Ainda hoje li uma citação interessante, a qual desejo transcrever abaixo que, embora não tendo correlação direta com o assunto em tela, retrata algo sobre a obediência à norma (Lei):
"...Não há falta ou mal na mera ausência que consiste na atual consideração da norma, pois a alma não está obrigada, nem disto é capaz, constantemente, no ato, de levar a norma em consideração. O que é requerida da alma não é que deva sempre observar a norma ou ter a norma constante na mente, mas que deva 'produzir um ato' enquanto considera a norma. Ora, no momento metafísico que estamos analisando, aqui, ainda não existe um ato produzido; há meramente uma ausência de consideração da norma, e será apenas no ato que será produzido, em termos desta ausência, que o mal existirá. Reside, aí, um ponto de doutrina extremamente sutil, de importância capital. Antes do ato ato moral, antes do 'bonum debitum', o 'devido bem' que produz a qualidade do ato e cuja ausência é uma privação e um mal, há uma condição metafísica do ato moral, o qual, tomado em si mesmo, não é um bem devido, e a ausência dele, por conseguinte, não será privação nem mal, mas uma pura e simples negação (ausência de um bem que não é devido), e tal condição metafísica é uma livre condição." [1]
De tal maneira que não fazemos o bem por imposição da norma, mas porque a graça oriunda do Criador nos habilita a fazer o bem. Daí a considerar, como Tiago, que a fé deve ser acompanhada das obras, mas não pela força coercitiva da norma em si mesma (que é apenas uma abstração), mas pela habilitação que nos é titulada, por assim dizer, pela graça. E é nesse momento que os teonomistas nos acusam de confundir Lei, justificação e graça. A obliquidade do entendimento, a falta de capacidade analítica é que os leva a tal antítese, especificamente ao nos rotular de antinomistas em razão da sua "teonomia".

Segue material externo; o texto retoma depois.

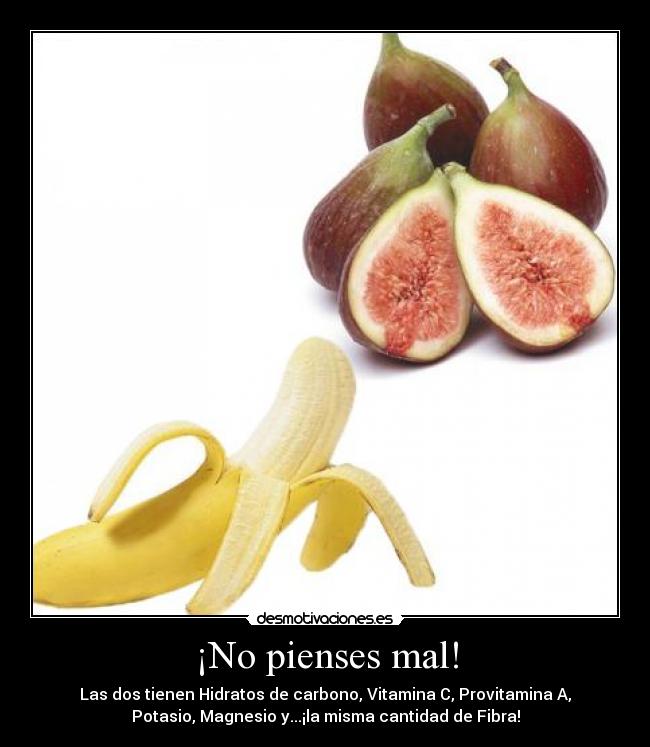 carteles platano higo pensamiento impuro malpensar fruta carbohidratos vitaminas potasio fibra desmotivaciones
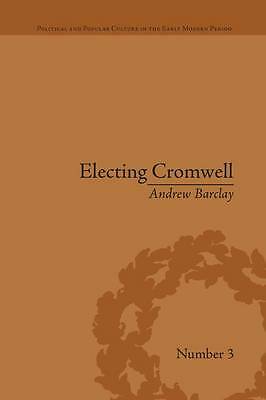 Electing Cromwell: The Making of a Politician by Andrew Barclay (Paperback, ...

Por enquanto, fico por aqui. Há muito a dizer, mas os textos longos cansam, especialmente neste espaço.
[1] Maritain , Jacques, St. Thomas and the Problem of Evil (Milwaukee, 1942), pag. 06, extraído do livro "Pastor Reformado e o Pensamento Moderno", Van Til, Cornelius, 1ª edição, 2010, Ed. Cultura Cristã, pag. 97.